Patrik Elmander

Personal information
- Full name: Patrik Elmander
- Date of birth: 26 November 1978 (age 46)
- Place of birth: Alingsås, Sweden
- Height: 6 ft 0 in (1.83 m)
- Position(s): Striker

Youth career
- Holmalunds IF

Senior career*
- Years: Team / Apps / (Gls)
- 2001–2002: Örgryte IS / 27 / (4)
- 2004–2005: GAIS / 47 / (13)
- 2006–2007: → Jönköpings Södra IF / 55 / (25)
- 2008–2009: → Örgryte IS / 2 / (1)

= Patrik Elmander =

Swedish football player

Patrik Elmander (born 26 November 1978) is a Swedish football player.

Born in Alingsås, Sweden, he is the oldest of the Elmander brothers.
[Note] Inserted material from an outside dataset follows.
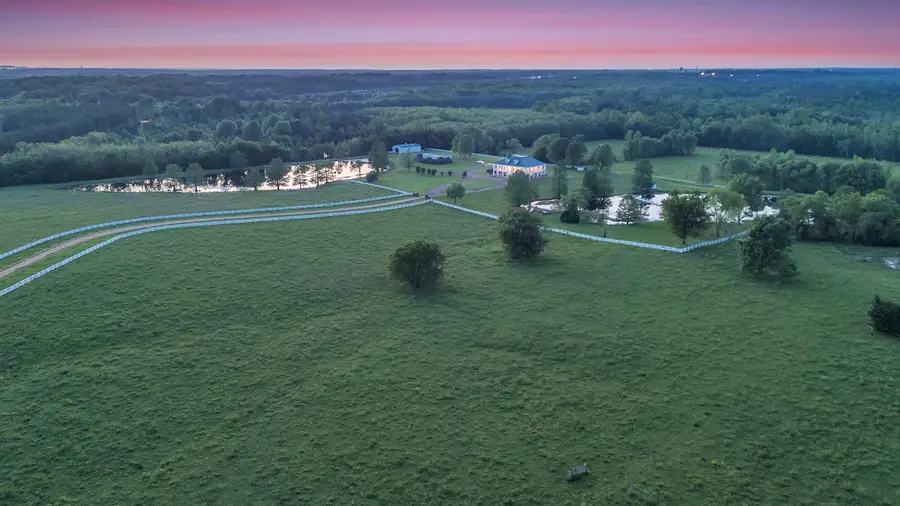 1801 Evans Rd, Columbus, MS 39701 - #2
His two younger brothers are Johan Elmander and Peter Elmander. He started his youth career at Holmalunds IF. During his career, he has played for Örgryte IS, Kalmar FF, Raufoss (Norway), Gais and Jönköping Södra IF. In 2004, Elmander had the opportunity to play alongside his younger brother Peter during his stay with GAIS.

Elmander cancelled his contract with Örgryte in the summer of 2009. He then continued his career in 2011 in Alingsås IF, then Holmalunds IF in Division 3.